新人紹介 澤田 英樹

里海生態保全学分野 特定助教 澤田 英樹

 2016年7月より、舞鶴水産実験所に特定助教として着任しました。
 子供の頃から野外を駆け回り、というタイプではなく、大阪の郊外で静かに成長しました。ただ、祖父母が四国の漁師であったので、夏休み等には祖父母宅に長期間入り浸り、砂浜の生物と風景を延々と眺めていました。

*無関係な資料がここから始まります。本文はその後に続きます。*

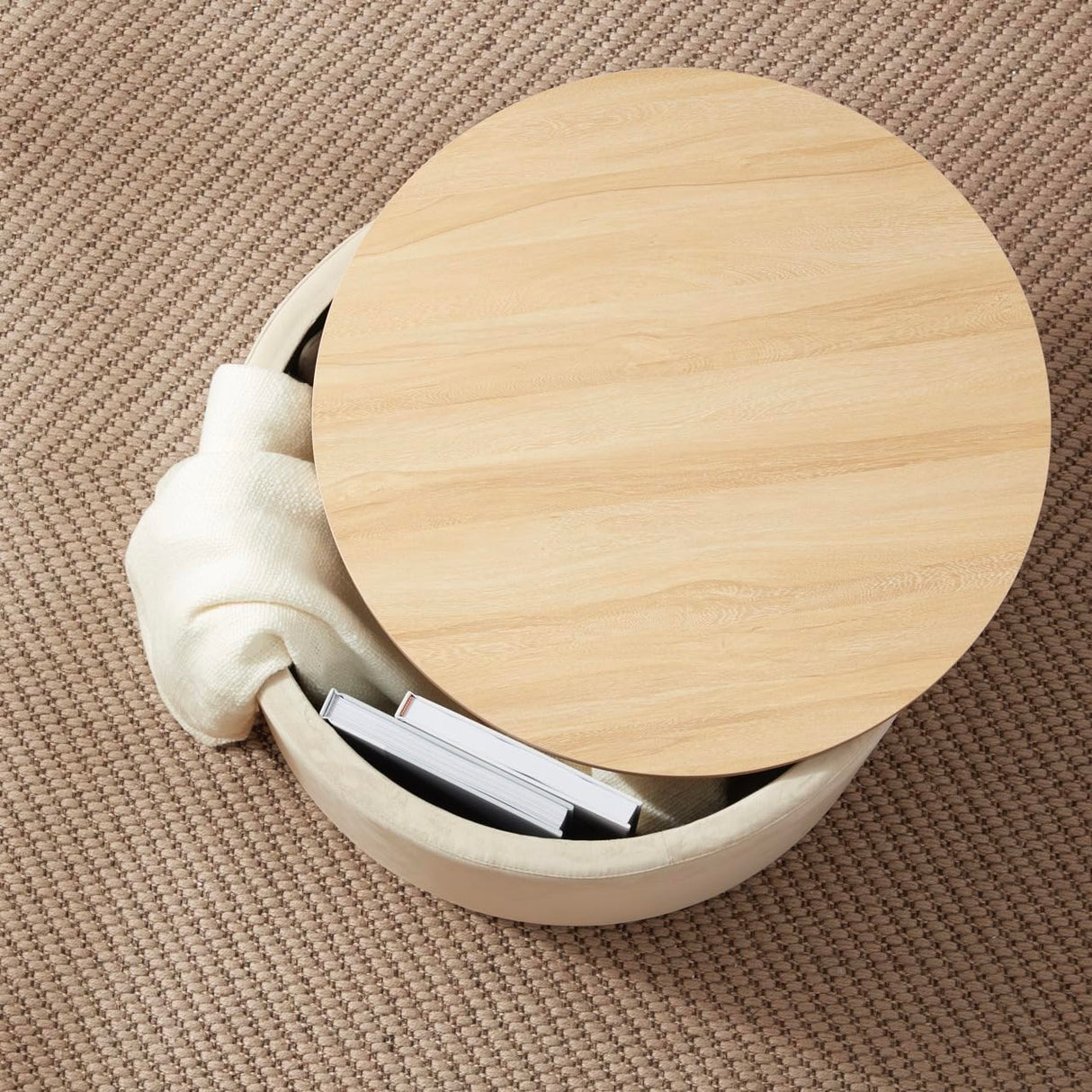 Ornavo Home 22 inch Large Round Ottoman Coffee Table Storage Ottoman with Wooden Lift Off Lid, Ottoman with Storage for Living Room, Bedroom and Office, Velvet Cream Ornavo Home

 学生時代は京都大学農学部の海洋生物機能学研究室にて、マガキの浸透圧適応の仕組みについて修士課程まで携わり、細胞を培養しつつ室内に籠っていました。そこで身に付けた分子生物学の知識を利用し、博士後期課程より二枚貝の浮遊幼生の種判別法の研究を立ち上げました。というのも、二枚貝の多くは発生直後に浮遊幼生として海中を漂いますが、形態に基づいて種を同定するのはほぼ不可能という事情がありました。新たに開発した技術を使い、鹿島灘の砂浜に現れる二枚貝浮遊幼生の出現動態を調べました。鹿島灘のような外海に面した波当たりの強い砂浜は露出性(≒開放性)砂浜海岸と呼ばれ、このような環境では遮蔽(しゃへい)性(≒ 内湾性)砂浜海岸と生物相が全く異なります。この露出性と遮蔽性の違いが生じるメカニズム解明の一端として二枚貝の浮遊幼生期に注目しました。

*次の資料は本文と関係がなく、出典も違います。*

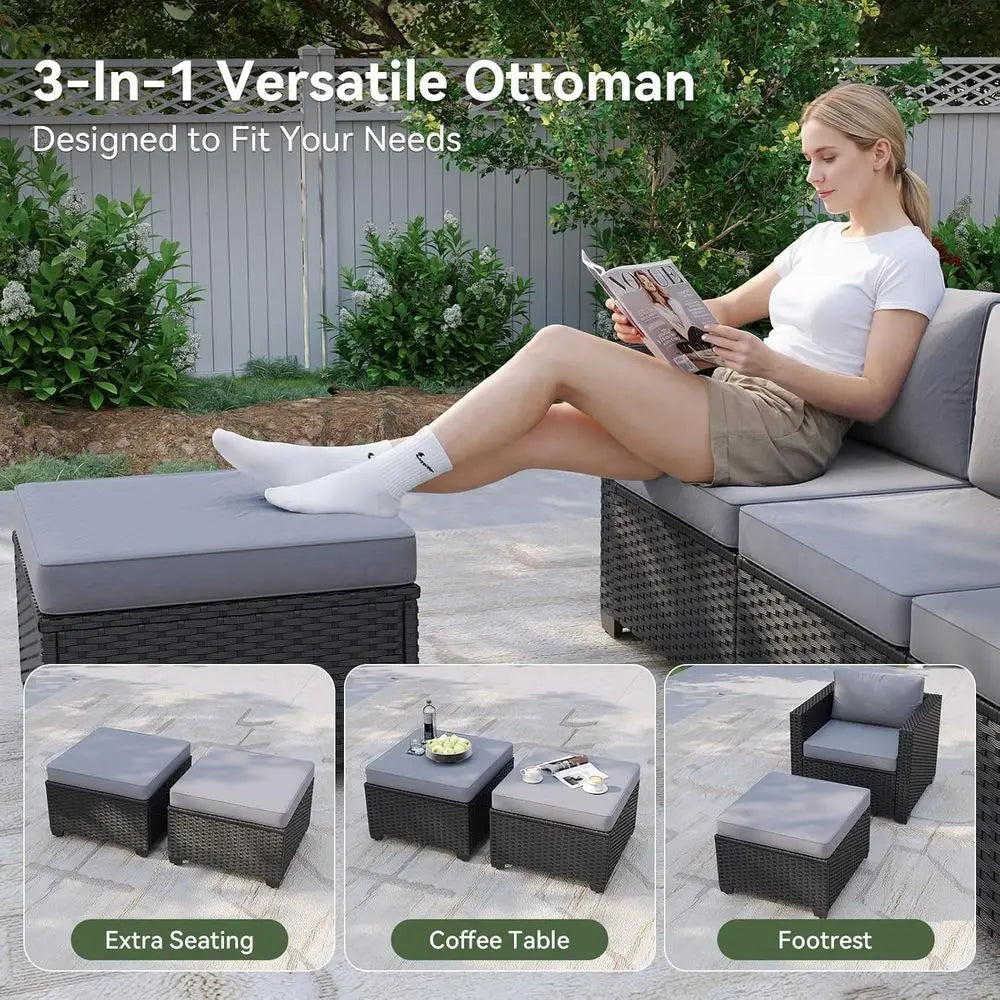Six Piece Outdoor Furniture Set With Fire Pit Table And Grey Sectional Sofa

 その後、河口域・汽水湖の二枚貝であるヤマトシジミや、現在ではマナマコの生態について研究を行う機会に恵まれ、砂浜だけでなく、干潟、藻場、泥場やカキ礁など多様な環境を比較するうちに、全ての環境を構成する基盤となる「地形」が生物の分布に重要であることを益々実感してきました。この「地形」をうまく定量化して評価できるよう、日々試行錯誤しています。
 舞鶴水産実験所という、調査船・飼育施設・魚類標本などの研究環境が連携した恵まれたなかで、さらなる研究、良い研究環境の維持に貢献できればと思っています。